- _Problem to work on_:
Begin with the line containing "Composition of halloween", end with the last line of the records, and retype everything in between exactly, without the pictures.

- _Records shown_:
══════════
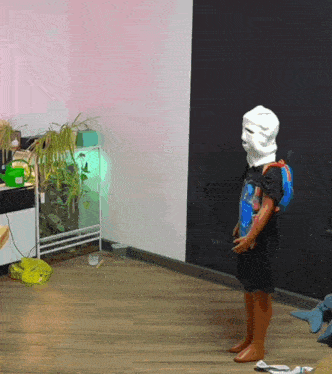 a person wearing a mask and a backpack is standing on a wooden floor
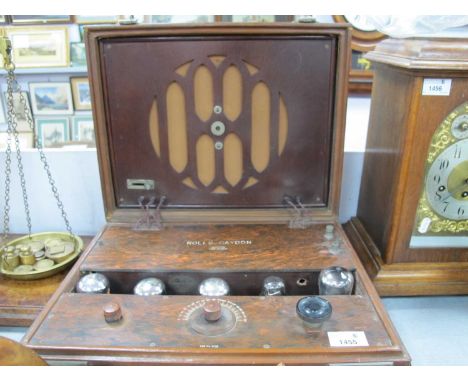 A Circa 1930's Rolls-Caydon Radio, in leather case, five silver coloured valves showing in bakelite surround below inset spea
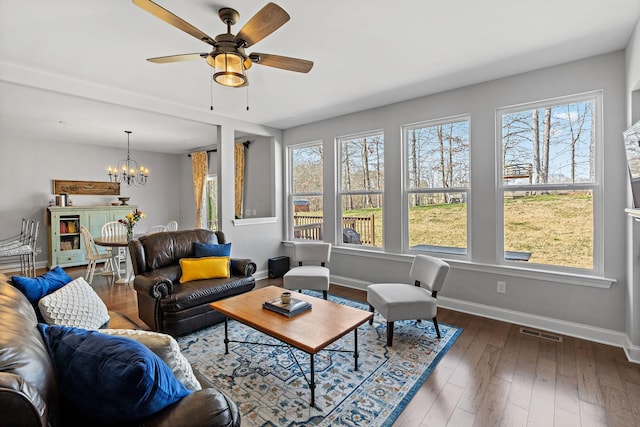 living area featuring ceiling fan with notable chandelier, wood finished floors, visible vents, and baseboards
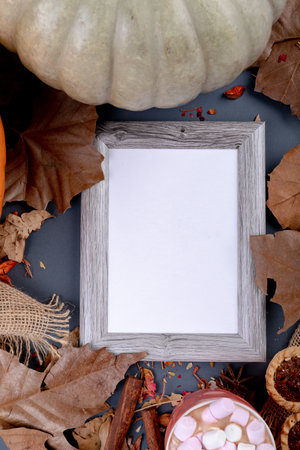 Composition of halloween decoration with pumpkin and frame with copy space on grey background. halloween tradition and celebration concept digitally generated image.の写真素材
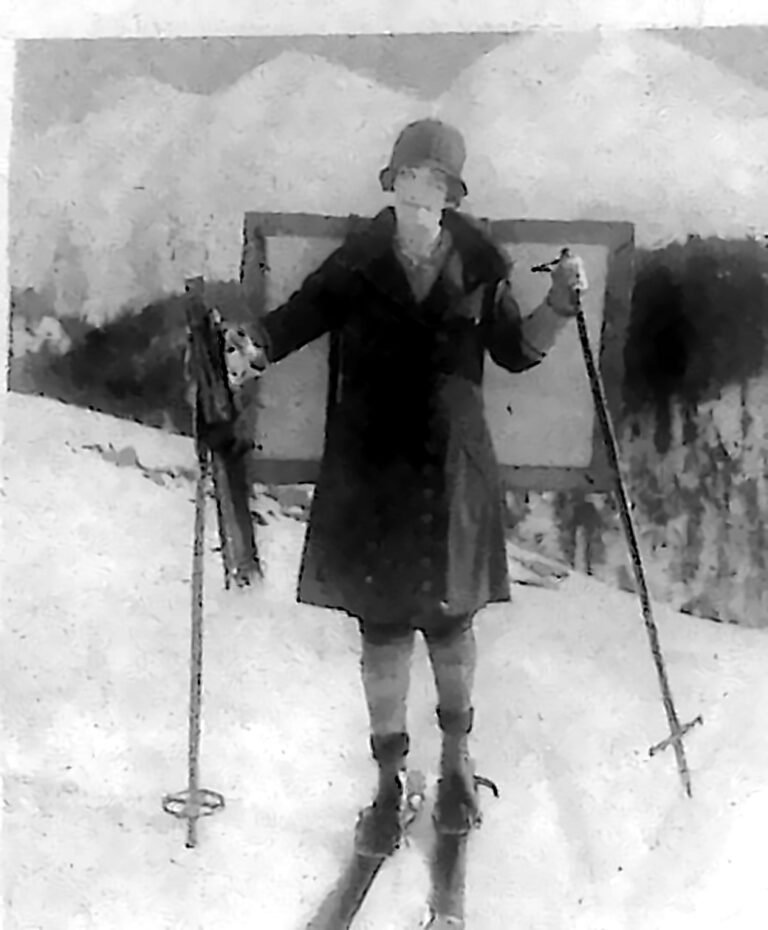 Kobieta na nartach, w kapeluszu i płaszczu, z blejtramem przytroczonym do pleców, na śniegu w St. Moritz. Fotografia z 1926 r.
══════════
- _Answer section_:
 Composition of halloween decoration with pumpkin and frame with copy space on grey background. halloween tradition and celebration concept digitally generated image.の写真素材
 Kobieta na nartach, w kapeluszu i płaszczu, z blejtramem przytroczonym do pleców, na śniegu w St. Moritz. Fotografia z 1926 r.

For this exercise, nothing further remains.